Seen off to the right in the very first picture in all of this is the Ridgid shopvac I'm using for this affair. It is my ersatz dust collector and general shop cleaning vac. In off-line storage I have a small dust collector that makes a real racket (from Steel City) and it should also fit into the space in the rear of the table. The problem is that if I run that and any other piece of equipment, I trip the breaker for the room. If I need to really clear the air, I can turn that on using an outlet port for a Big Gulp hood and throw that on top of something and leave the room.
One of the 'nice to have' things in the table would be a special drawer for my saw blades in the rear of the table. Neither the vac or dust collector will take up all the space and I'll have about 5" to play with under the table top in the rear. Plenty of space for rear drawers or (if I'm really clever) to make the rear part of the table a flip-up affair to get to a storage space under it. That may be beyond my capability at present, so drawers are a better answer.
With the front area semi-complete, I can put up the sides, internal wall (between the router area and the rear dust collection area) and begin running piping and tubing for the dust collection system, and the power cables to run everything. Inlets with immediate single outlet boxes in the rear will allow me to run power cables back to the rear and get a single feed for each of the router and dust collector with switches in front. Doors to get to the rear area (or lower rear area) will be cut out and concealed hinges put in for them, thus allowing easy access to the vacuum area.
When this is done all the routing tools get a home in one place, the dust collection gets centralized (and ports standardized), the table that all of this sits on gets to be folded up to go away someplace, and workflows get straightened out when everything has a home to go to.
After this comes a stand for the miter saw, a stand for my bench grinder (now sitting off-line due to lack of space) and the slow cleaning out to get at the raw materials necessary to build this stuff. With smaller stands and a home for the dust collecting detritus (fittings, hoses, etc.) another table can come down and the stuff under it can get shelved because the shelves will then be accessible! Glory Be! While there will still be large pieces of equipment, they will be mobile and easy to move, and those that have work tops will have a common height so that they can serve as run-out tables, supports or other fine things as yet undecided. I might even put together a proper stand for my drill press so that its table can be at a common height... then I might even get to put together a seamless workflow utilizing everything... what a thought!

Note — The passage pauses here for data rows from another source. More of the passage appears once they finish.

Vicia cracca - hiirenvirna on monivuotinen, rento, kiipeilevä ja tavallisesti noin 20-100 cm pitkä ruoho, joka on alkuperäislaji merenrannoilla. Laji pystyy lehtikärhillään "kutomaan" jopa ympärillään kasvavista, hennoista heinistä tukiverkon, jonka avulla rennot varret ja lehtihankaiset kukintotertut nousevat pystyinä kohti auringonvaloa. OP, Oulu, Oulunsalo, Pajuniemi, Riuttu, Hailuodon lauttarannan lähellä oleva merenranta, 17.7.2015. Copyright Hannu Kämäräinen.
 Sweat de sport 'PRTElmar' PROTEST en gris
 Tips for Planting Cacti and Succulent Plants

Then, maybe, a special table for small piece finishing and firearms cleaning that I can SIT AT!
More than a body can handle, I know.
I learn a lot along the way by trial and error and this is necessary knowledge. Right now it is one step at a time. They are small steps, yes, but steps nonetheless, until I can get to that day when I'm doing something other than building equipment to do things I want to do. Making the tools to make the tools so I can actually get to make things I want to make.